Materials provided:
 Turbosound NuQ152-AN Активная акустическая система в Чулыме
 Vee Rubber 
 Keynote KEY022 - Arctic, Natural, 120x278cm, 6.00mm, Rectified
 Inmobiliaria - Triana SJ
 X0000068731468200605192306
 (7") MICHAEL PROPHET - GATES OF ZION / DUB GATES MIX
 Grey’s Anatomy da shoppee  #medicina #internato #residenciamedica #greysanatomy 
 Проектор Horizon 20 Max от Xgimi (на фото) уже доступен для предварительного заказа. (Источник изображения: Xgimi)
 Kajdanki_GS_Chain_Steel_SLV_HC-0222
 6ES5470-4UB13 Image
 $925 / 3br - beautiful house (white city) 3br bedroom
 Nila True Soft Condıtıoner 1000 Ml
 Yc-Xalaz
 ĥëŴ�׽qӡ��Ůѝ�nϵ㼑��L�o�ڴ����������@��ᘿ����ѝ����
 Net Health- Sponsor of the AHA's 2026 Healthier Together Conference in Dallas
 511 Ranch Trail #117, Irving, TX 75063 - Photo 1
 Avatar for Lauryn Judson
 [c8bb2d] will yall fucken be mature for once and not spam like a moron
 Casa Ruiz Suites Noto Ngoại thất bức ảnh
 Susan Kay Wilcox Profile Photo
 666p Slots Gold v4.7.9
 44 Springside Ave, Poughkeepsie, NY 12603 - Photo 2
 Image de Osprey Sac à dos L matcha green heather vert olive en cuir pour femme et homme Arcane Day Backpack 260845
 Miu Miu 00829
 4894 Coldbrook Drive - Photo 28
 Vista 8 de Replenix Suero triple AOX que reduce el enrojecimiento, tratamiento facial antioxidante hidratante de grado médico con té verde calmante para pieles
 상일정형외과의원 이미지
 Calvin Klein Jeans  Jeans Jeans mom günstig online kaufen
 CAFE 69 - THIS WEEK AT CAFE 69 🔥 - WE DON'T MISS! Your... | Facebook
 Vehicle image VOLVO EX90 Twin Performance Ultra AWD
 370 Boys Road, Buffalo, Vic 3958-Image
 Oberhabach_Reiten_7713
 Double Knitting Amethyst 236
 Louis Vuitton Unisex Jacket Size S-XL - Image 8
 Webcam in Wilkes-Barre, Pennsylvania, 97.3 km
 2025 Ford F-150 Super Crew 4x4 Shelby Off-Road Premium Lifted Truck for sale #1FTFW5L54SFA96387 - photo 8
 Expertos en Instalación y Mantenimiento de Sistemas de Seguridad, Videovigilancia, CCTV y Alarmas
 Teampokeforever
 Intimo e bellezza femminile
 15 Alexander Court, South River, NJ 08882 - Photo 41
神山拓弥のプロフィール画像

Goal of the exercise: Your answer should hold every line of the entries that contains the string "Road".

Written answer:
 370 Boys Road, Buffalo, Vic 3958-Image
 2025 Ford F-150 Super Crew 4x4 Shelby Off-Road Premium Lifted Truck for sale #1FTFW5L54SFA96387 - photo 8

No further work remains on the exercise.